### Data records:
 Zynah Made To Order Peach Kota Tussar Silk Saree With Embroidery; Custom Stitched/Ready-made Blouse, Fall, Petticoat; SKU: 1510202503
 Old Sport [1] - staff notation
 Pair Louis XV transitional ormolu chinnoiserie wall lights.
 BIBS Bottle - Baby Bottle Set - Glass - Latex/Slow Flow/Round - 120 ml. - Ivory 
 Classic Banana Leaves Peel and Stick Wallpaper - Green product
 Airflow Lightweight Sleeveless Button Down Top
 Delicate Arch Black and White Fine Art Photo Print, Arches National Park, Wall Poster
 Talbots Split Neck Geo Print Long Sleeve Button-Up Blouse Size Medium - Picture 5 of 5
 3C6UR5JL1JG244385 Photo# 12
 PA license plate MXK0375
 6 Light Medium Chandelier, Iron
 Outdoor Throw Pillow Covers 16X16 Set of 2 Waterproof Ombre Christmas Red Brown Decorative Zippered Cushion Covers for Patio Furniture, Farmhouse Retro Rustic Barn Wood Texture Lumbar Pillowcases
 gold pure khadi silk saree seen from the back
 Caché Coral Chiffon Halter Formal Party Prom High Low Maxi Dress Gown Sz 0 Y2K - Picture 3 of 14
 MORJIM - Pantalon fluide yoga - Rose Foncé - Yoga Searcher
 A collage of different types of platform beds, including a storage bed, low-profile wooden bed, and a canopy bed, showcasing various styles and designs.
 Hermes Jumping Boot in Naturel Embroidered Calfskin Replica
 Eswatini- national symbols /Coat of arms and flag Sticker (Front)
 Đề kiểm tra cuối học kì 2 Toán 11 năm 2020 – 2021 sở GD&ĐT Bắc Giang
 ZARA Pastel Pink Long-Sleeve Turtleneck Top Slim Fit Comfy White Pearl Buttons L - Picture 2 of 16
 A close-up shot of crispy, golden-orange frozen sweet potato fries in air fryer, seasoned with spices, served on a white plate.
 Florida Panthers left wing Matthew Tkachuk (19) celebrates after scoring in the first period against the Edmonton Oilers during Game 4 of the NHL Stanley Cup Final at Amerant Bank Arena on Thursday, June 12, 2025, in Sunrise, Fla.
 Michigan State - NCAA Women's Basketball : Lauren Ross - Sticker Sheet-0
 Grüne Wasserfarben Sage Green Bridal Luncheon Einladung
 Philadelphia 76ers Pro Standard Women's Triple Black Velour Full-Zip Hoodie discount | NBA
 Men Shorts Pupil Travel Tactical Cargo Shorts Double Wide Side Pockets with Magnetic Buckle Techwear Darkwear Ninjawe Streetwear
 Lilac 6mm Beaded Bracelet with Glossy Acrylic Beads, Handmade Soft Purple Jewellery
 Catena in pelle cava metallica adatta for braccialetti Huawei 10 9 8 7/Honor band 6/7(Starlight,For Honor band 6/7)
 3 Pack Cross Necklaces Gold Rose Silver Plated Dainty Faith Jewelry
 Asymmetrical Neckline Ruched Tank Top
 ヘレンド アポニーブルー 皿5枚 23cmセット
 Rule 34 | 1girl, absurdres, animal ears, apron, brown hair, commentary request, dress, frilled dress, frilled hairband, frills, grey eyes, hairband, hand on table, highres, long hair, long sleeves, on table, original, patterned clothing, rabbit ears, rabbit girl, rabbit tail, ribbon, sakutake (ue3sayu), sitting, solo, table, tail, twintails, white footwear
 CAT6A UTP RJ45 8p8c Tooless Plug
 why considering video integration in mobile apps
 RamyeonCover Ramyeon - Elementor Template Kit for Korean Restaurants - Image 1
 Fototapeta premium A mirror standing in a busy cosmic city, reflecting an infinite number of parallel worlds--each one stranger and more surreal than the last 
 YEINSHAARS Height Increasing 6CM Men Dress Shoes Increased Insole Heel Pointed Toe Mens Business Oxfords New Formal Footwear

### WHAT TO DO:
What is needed is every line of the records that contains the word "Women".

### WORKED SOLUTION:
 Michigan State - NCAA Women's Basketball : Lauren Ross - Sticker Sheet-0
 Philadelphia 76ers Pro Standard Women's Triple Black Velour Full-Zip Hoodie discount | NBA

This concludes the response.